Electric field due to concentric cylinders

[stunner5000pt]

2 long charged concentric cylinders have radii of 3.22cm and 6.18cm. Surface charge densit of the inner cylinder is 2.41 micro C / m^2 and outer cylinger is -18.0microC/ m^2. Find electric field at r = 4.10cm (r is the radius as taken from the central axid of these two concetric cylinders)

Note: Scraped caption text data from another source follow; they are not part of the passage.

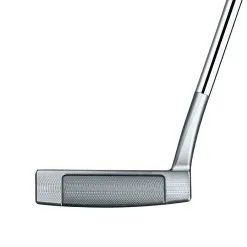Scotty Cameron Putters Scotty Cameron Select Newport 3 Putter 2018 -Clubs Shop Scotty Cameron Select 2018 Newport 3 4 50557.1587233459
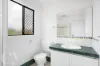 3/265 Canning Highway, Como, WA 6152-Image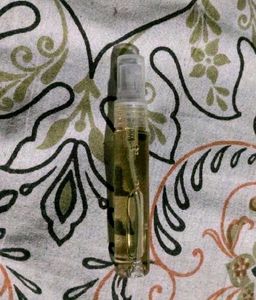 Victoria's Secret Kiss Me in the Ocean Mist 10ml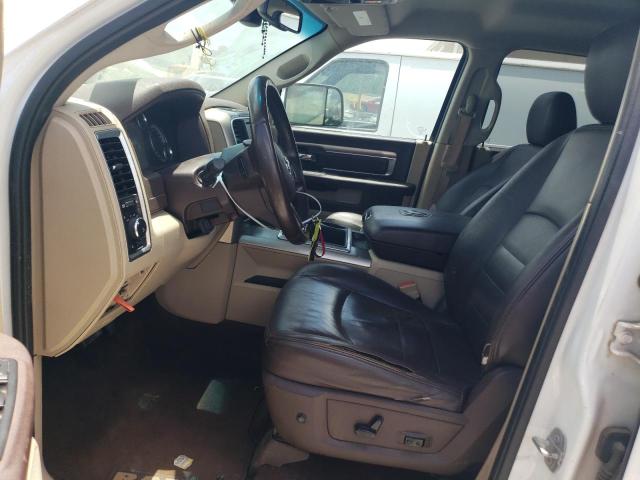 2015 Ram 1500 Slt VIN: 1C6RR7LT9FS674373 Lot: 59736804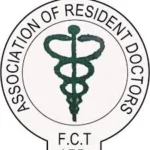 Doctors in Nigeria’s Capital Begin 7-Day Warning Strike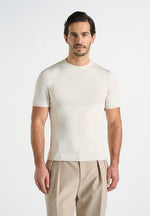 ts010-luxe-knitted-t-shirt-cream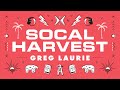 SoCal Harvest Gospel Extravaganza (With Greg Laurie)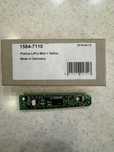 Плата до машинки для стрижки Moser Li+Pro mini 1584-7110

i worked it out and got E = 2 k (2.41 x 10^-6)/ (0.041) = 1.06x 10^6N/C

am i right ?

the book gives an answer that is 2.12 MN/C

so who i right me or the book?

[Allday]

I got an answer of .214 M N/C, but whats a factor of ten between friends? When you use Gauss's Law you should have

E*2*pi*r*L, on one side and, (2*pi*a*L*sigma)/epsilon, on the other

L is any arbitrary length (it cancels) r is where you want the field, a is the radius of the inner cyl. sigma is the surface charge density and epsilon is epsilon.

Gabriel

[stunner5000pt]

I got an answer of .214 M N/C, but whats a factor of ten between friends? When you use Gauss's Law you should have

E*2*pi*r*L, on one side and, (2*pi*a*L*sigma)/epsilon, on the other

L is any arbitrary length (it cancels) r is where you want the field, a is the radius of the inner cyl. sigma is the surface charge density and epsilon is epsilon.

Gabriel

there must a reason why its off my a tenth though

[Allday]

I got

E = (a * sigma)/(r * epsilon)

a = .0322 m
sigma = 2.41 * 10^-6 C/m^2
r = .0410 m
epsilon = 8.85 * 10^-12

This gives me 213868 N/C

Gabriel

[stunner5000pt]

I got

E = (a * sigma)/(r * epsilon)

a = .0322 m
sigma = 2.41 * 10^-6 C/m^2
r = .0410 m
epsilon = 8.85 * 10^-12

This gives me 213868 N/C

Gabriel

I have to make a correction, the answer in teh book is 2.19 MN/C

so we're off by a tenth and and a few points

perhaps the solution you are posing is wrong??